Ultimately your solution depends on your surrounding area/lots. You need to see the big picture first before determining mode of action. Easy fix is to raise your yard higher than your neighbors (or at least level with) so that the water doesn't pool (only) in your yard. The correct fix would be to raise whatever areas need raising along the center of the yard, and create a slope down and away, ideally along the perimeter, which can then be graded to a stormwater collection system like the curb, etc.

Btw, most municipalities have a Geographic Info System where they record the topography of the land and it gives you a great birds eye view of the slope of your lot, at least as recorded by the developer. Google your county + GIS, see what pops up. I use this info all the time in order to visualize where to start, etc.

Sorry for the super long post!


----------



## flynavy812 (May 15, 2019)

@corneliani Your long post is much appreciated, seriously. I'll try to outline more questions in a coherent way, no guarantees.

1. So what you're saying is, just because there aren't obvious gaps in the fence or anything, my neighbors water could still be making its way too my lawn? It has to make sense since her lawn is never flooded!

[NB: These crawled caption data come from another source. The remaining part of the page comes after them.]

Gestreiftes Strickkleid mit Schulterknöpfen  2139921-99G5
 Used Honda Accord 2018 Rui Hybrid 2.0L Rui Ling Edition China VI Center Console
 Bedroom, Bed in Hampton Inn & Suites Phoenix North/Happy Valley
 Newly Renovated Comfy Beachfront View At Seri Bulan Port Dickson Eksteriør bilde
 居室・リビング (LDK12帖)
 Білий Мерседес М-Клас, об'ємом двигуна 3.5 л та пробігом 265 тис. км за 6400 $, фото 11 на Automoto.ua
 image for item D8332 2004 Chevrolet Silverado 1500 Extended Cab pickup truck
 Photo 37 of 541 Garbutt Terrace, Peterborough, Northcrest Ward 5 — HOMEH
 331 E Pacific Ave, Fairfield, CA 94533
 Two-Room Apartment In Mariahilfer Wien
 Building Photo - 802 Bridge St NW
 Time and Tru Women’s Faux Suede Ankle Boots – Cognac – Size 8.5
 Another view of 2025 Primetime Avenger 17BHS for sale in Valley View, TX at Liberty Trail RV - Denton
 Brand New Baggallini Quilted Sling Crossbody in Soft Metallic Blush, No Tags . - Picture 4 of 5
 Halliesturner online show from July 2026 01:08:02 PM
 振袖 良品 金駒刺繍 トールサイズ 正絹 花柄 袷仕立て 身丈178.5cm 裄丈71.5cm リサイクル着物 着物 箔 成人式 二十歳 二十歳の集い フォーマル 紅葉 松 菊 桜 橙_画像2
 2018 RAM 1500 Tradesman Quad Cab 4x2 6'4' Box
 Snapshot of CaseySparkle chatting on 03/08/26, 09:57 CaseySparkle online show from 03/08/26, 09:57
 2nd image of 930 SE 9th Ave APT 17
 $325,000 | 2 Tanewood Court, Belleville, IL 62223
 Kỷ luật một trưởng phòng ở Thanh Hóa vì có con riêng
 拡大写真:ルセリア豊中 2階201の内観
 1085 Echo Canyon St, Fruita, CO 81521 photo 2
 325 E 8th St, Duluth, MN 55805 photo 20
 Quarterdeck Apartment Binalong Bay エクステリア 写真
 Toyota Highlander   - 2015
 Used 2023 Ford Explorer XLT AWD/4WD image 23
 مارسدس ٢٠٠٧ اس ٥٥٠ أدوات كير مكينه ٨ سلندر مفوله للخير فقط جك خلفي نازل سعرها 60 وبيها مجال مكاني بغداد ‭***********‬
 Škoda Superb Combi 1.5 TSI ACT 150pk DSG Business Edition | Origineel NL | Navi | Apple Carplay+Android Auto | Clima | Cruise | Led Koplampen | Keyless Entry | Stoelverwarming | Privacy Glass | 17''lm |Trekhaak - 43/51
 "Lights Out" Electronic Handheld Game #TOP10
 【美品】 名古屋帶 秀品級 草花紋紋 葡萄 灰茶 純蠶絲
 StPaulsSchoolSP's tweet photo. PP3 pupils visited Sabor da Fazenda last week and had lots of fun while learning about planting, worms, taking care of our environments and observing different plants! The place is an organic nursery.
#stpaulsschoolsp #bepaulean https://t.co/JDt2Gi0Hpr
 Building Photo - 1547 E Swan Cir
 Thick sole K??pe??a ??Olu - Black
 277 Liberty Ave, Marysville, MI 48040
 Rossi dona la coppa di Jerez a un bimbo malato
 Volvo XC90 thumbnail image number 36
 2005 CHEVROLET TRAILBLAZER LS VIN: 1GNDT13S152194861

2. I added 1YD of dirt recently, it was kind of a last ditch see what happens effort. It rained the next day and just flooded and stayed muddy for 3-4 days, felt like a complete waste of time and money.

3. You're right, if I had some clear easy to see visual of how the lawn is (like they do with the oceans) it would make this so much easier.

4. Honestly, I'm pretty pissed if its from her yard but at the same time can't really blame her. She barely mows and takes care of it so I doubt she had any work done to fix any problems she may have.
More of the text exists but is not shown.